**Problem details**
Repeat the listing below exactly. Pictures do not belong in the copy.

**Record extracts**

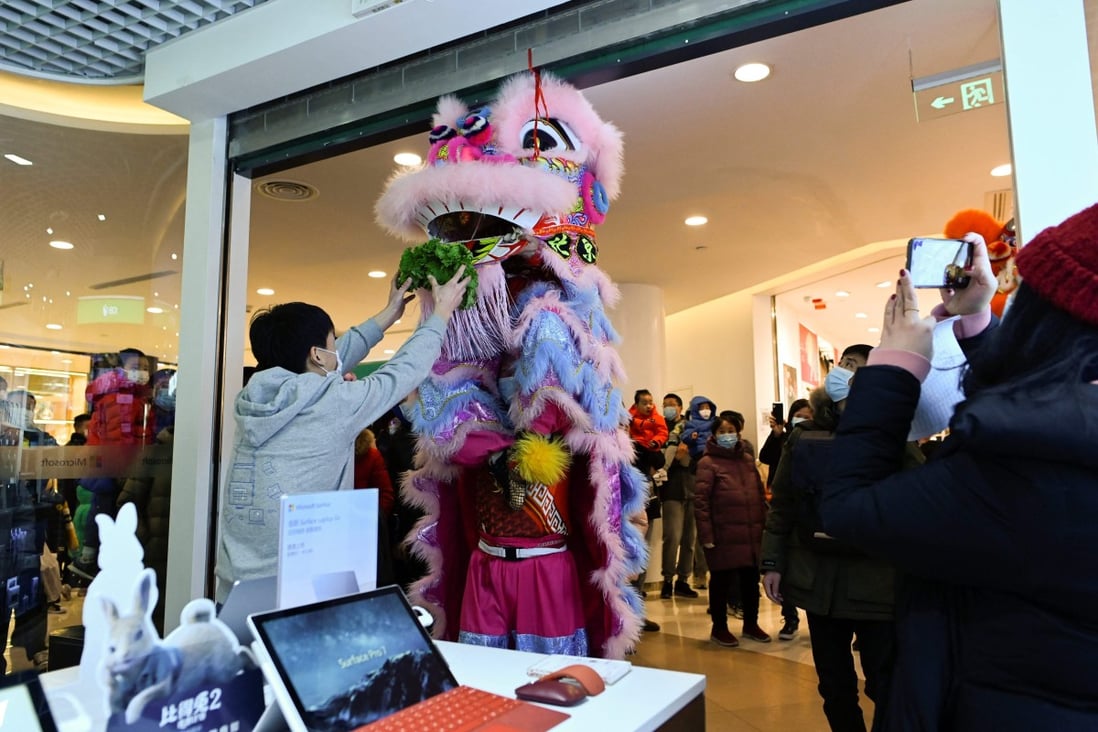 A man makes an offering as a lion dance team perform inside a mall in Beijing on Tuesday, on the fifth day of the Lunar New Year. Photo: AFP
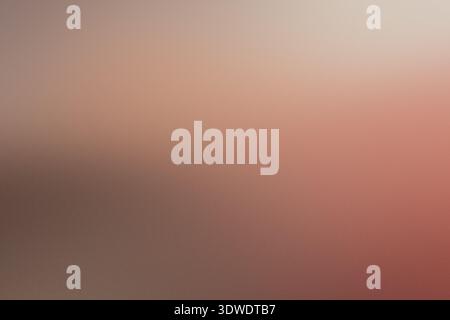 Abstract background blending warm peach, terracotta, and neutral brown colors with soft blur Stock Photo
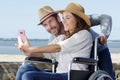 couple by beach in wheelchair taking selfie Royalty Free Stock Photo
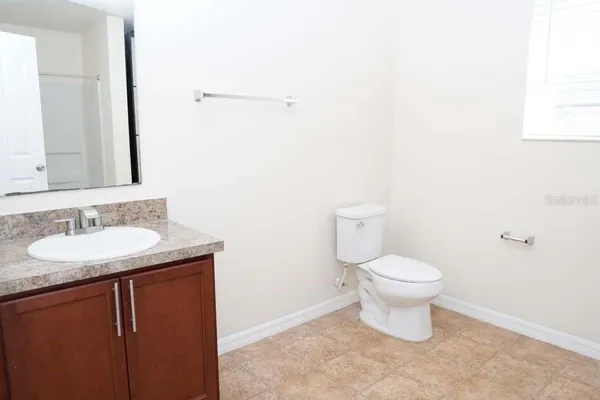 a bathroom with a sink and a toilet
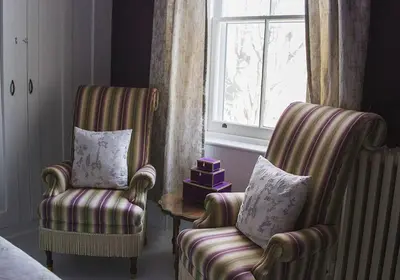 a living room with two chairs and a window at Lakehurst Estate in Cobourg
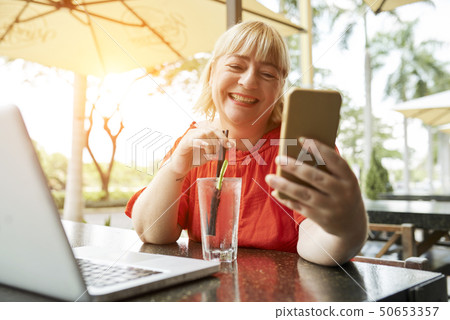 Woman with lemonade making videocxall Woman with lemonade making videocxall 50653357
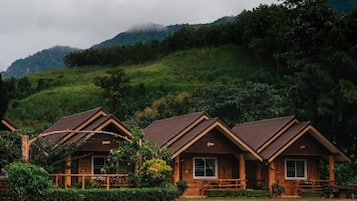 A row of wooden cabins with pitched roofs, surrounded by lush greenery and hills in the background.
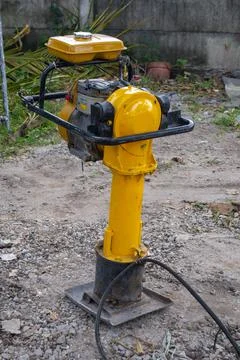 Yellow Jumping Jack Compactor Stock Photos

**Answer to this exercise**
 A man makes an offering as a lion dance team perform inside a mall in Beijing on Tuesday, on the fifth day of the Lunar New Year. Photo: AFP
 Abstract background blending warm peach, terracotta, and neutral brown colors with soft blur Stock Photo
 couple by beach in wheelchair taking selfie Royalty Free Stock Photo
 a bathroom with a sink and a toilet
 a living room with two chairs and a window at Lakehurst Estate in Cobourg
 Woman with lemonade making videocxall Woman with lemonade making videocxall 50653357
 A row of wooden cabins with pitched roofs, surrounded by lush greenery and hills in the background.
 Yellow Jumping Jack Compactor Stock Photos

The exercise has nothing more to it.